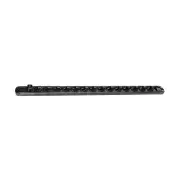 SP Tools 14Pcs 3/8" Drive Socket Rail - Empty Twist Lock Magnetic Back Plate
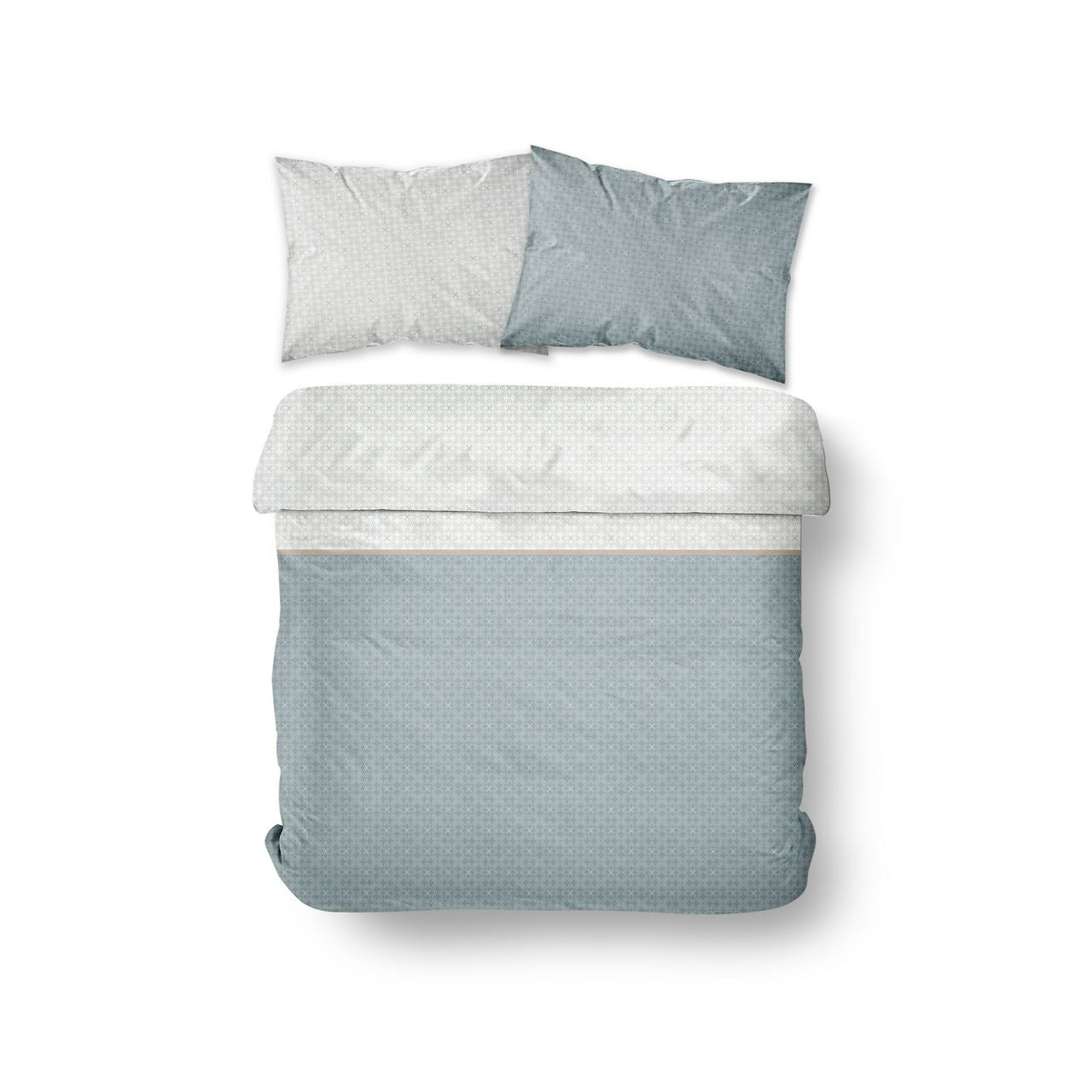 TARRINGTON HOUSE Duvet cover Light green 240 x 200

┄┄┄┄┄┄┄┄┄┄

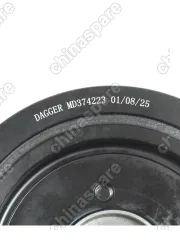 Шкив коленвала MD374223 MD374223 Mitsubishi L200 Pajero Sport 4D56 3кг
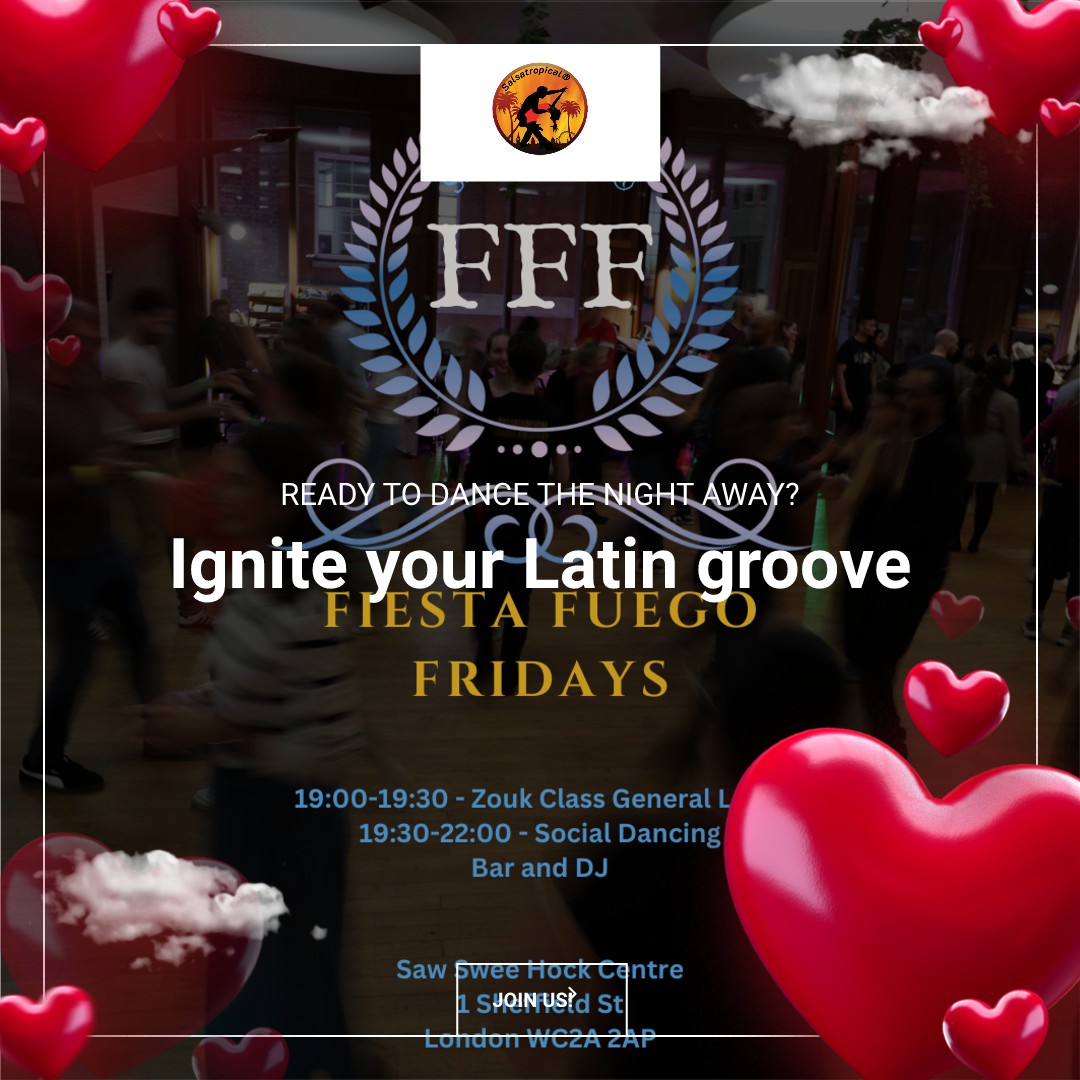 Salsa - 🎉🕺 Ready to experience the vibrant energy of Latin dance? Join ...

┄┄┄┄┄┄┄┄┄┄

• [What the task requires] Here the job is to copy the stretch of records from the line containing "SP Tools 14Pcs" through the line containing "TARRINGTON HOUSE Duvet", word for word. Leave every picture out.

• [Response box]
 SP Tools 14Pcs 3/8" Drive Socket Rail - Empty Twist Lock Magnetic Back Plate
 TARRINGTON HOUSE Duvet cover Light green 240 x 200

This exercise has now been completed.